*WORK ITEM*:
With pictures left out, retype exactly the lines from the one containing "3pack 18 in" through the final line of the entries.

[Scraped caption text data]
================================
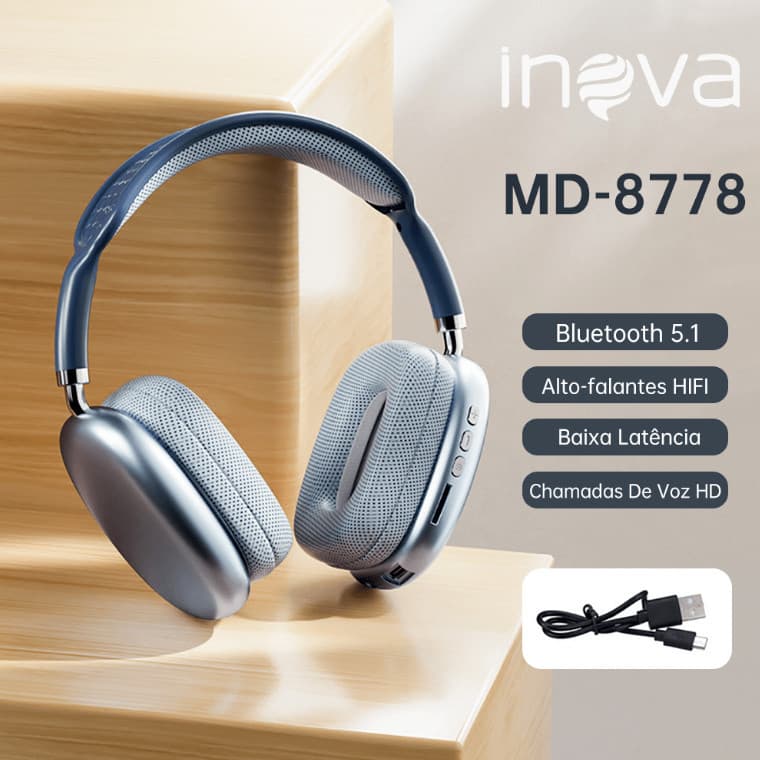 Fones de ouvido sem fio MD-8778 da inva, com Bluetooth 5.1, alto-falantes HIFI, baixa latência e chamadas HD.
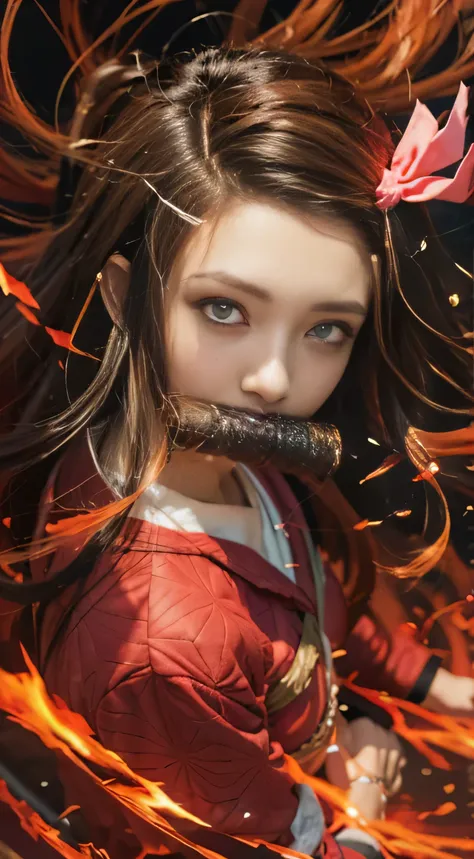 a girl with long hair and a bow in her hair, nezuko, nezuko-chan, demon slayer artstyle, demon slayer rui fanart, ayaka genshin impact, rin tohsaka, official artwork, demon slayer, tanjiro kamado, flaming katana, kawacy, anime visual of a cute girl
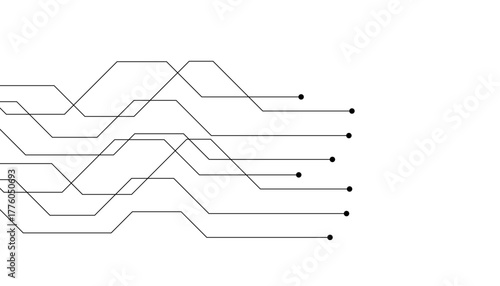Abstract futuristic circuit board Illustration, Circuit board with various technology elements. Circuit board pattern for technology background. Vector illustration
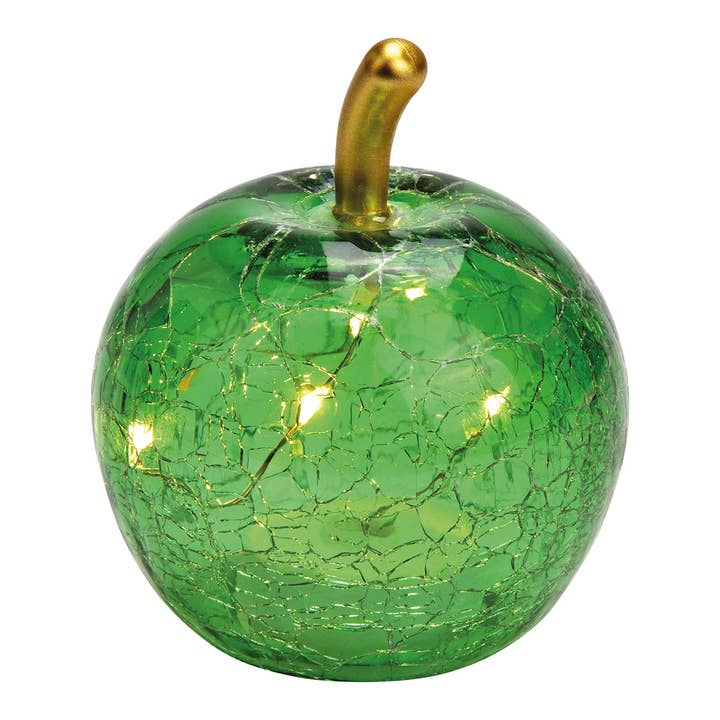 Apple with 5 LED lights made of dark green glass (W/H/D) 7x9x7cm with timer, battery operation CR2032 not included for wholesale by Wurm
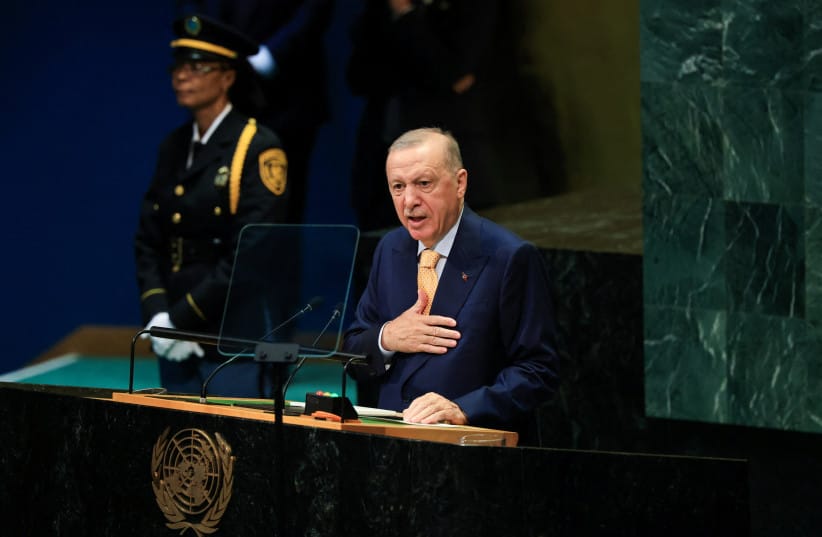 Turkey's President Recep Tayyip Erdogan addresses the 81st United Nations General Assembly at UN headquarters in New York City, US, September 22, 2026. (credit: REUTERS/BRENDAN MCDERMID) Turkey's President Recep Tayyip Erdogan addresses the 81st United Nations General Assembly at UN headquarters in New York City, US, September 22, 2026. (credit: REUTERS/BRENDAN MCDERMID)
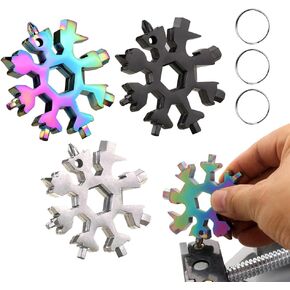 3pack 18 in 1 Snowflake Stainless Steel Multi-Tool, Portable Durable Screwdriver Compact Snowflake Multi-Tool, Cool Stuff Screwdriver Bottle Opener
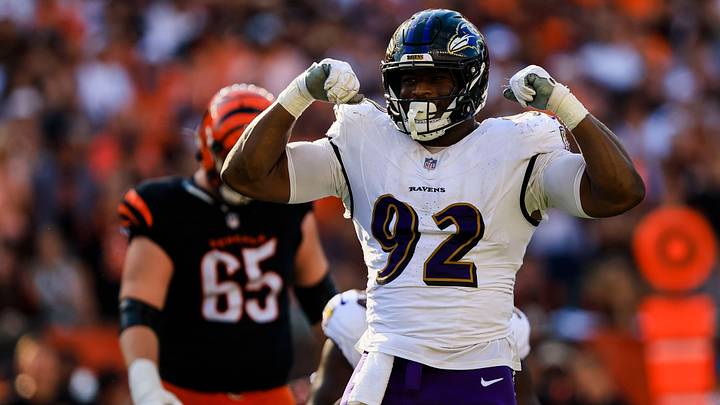 Oct 6, 2024; Cincinnati, Ohio, USA; Baltimore Ravens defensive tackle Nnamdi Madubuike (92) reacts after sacking Cincinnati Bengals quarterback Joe Burrow (not pictured) in the second half at Paycor Stadium. Mandatory Credit: Katie Stratman-Imagn Images Oct 6, 2024; Cincinnati, Ohio, USA; Baltimore Ravens defensive tackle Nnamdi Madubuike (92) reacts after sacking Cincinnati Bengals quarterback Joe Burrow (not pictured) in the second half at Paycor Stadium. Mandatory Credit: Katie Stratman-Imagn Images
================================
*RESPONSE TO THIS EXERCISE*:
 3pack 18 in 1 Snowflake Stainless Steel Multi-Tool, Portable Durable Screwdriver Compact Snowflake Multi-Tool, Cool Stuff Screwdriver Bottle Opener
 Oct 6, 2024; Cincinnati, Ohio, USA; Baltimore Ravens defensive tackle Nnamdi Madubuike (92) reacts after sacking Cincinnati Bengals quarterback Joe Burrow (not pictured) in the second half at Paycor Stadium. Mandatory Credit: Katie Stratman-Imagn Images Oct 6, 2024; Cincinnati, Ohio, USA; Baltimore Ravens defensive tackle Nnamdi Madubuike (92) reacts after sacking Cincinnati Bengals quarterback Joe Burrow (not pictured) in the second half at Paycor Stadium. Mandatory Credit: Katie Stratman-Imagn Images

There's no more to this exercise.